An open letter to Tony Abbott

Subject: An open letter to Tony Abbott
From: Scott Phillips
Date: 19 May 2015

Dear Prime Minister,

Individual Australian investors deserve to receive conflict-free advice from financial advisers and to be protected from overt or subliminal incentives that might lead those advisers to provide advice that is anything less than completely client focused.

There are too many stories of clients being erroneously pushed into products that are unsuitable for them – and an unconscionably high proportion of those products carried enormous commissions for the planner or the planner's dealer group.

Indeed, the correlation is so high as to void any claim that the actions of those planners were simply honest mistakes of judgment bearing no influence from those incentives.

The vast majority of financial planners are conscientious, hard working, honest professionals, who try to do the best for their clients. It is in the interest of these people that they are not influenced by potential commission payments to them or their employers and dealers – whether knowingly or due to the choices those dealer groups make.

A (hopefully very small) minority of financial planners are undoubtedly less conscientious, and happy to see their advice tainted by what they can get from it.

The former group deserves the protection and support of conflict-free financial advice. The latter group deserves to be run out of town.

On Friday The Australian Financial Review carried an article suggesting some in the financial services industry were lobbying your new federal government very hard to roll back reforms made by the previous government.

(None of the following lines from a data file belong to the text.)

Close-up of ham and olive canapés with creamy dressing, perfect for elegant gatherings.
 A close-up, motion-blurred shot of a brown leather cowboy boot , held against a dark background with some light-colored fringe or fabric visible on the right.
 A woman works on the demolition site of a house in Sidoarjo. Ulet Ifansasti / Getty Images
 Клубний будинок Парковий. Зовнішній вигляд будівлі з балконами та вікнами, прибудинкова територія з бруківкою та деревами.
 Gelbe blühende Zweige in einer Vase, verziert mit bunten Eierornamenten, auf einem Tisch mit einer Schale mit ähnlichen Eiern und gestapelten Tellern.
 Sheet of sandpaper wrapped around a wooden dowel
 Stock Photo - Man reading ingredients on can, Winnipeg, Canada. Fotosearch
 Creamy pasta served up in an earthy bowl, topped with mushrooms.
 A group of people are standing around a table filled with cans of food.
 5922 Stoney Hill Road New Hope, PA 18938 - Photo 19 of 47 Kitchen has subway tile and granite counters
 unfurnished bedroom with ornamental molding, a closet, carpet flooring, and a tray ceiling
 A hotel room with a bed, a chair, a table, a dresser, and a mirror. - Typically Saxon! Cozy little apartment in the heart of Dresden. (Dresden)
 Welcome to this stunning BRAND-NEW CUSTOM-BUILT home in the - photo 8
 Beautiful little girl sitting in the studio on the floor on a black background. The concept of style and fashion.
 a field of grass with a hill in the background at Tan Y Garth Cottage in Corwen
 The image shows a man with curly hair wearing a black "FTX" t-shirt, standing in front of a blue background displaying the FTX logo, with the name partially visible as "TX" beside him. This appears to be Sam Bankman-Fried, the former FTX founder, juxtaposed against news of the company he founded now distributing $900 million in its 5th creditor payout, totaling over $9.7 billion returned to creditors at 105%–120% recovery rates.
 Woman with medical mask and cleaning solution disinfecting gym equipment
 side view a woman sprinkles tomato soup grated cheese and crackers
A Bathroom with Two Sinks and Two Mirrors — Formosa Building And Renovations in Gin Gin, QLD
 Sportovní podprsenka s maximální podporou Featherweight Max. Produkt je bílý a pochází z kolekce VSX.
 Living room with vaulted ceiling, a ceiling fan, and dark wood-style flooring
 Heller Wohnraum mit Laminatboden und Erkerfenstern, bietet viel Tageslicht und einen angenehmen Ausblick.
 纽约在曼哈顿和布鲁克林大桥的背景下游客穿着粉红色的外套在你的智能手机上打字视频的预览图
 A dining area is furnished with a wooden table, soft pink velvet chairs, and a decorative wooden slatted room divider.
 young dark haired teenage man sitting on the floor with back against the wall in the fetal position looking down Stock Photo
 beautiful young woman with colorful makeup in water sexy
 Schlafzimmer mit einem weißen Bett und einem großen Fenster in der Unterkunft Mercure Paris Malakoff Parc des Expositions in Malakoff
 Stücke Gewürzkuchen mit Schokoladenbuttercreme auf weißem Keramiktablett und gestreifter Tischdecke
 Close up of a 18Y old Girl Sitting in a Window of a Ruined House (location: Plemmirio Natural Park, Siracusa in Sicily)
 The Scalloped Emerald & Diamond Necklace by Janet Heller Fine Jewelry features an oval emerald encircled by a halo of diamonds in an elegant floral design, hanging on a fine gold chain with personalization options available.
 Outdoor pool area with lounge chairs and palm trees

Apparently such rollbacks would “protect billions in commissions”.

I'm sure that's right – those “billions in commissions” are 10-figure amounts that are sloshing around the financial system specifically to influence financial planners.

Some argue these commissions don't influence planners. If that's the case, there are some very, very smart men and women wasting billions of dollars on commissions they needn't pay – because under that scenario, the commissions have little or no impact. I don't think these people are silly enough to waste those billions unless they're getting something for them.

Mr Abbott, I understand why some in the industry are lobbying you and the senator Arthur Sinodinos for changes. They like the present system with its gravy trains of fees and commissions.

In the end, though, these fees rob individual investors of returns they could otherwise be making – because the commissions reduce investment returns from those products by increasing their cost – and expose investors to potentially conflicted advice.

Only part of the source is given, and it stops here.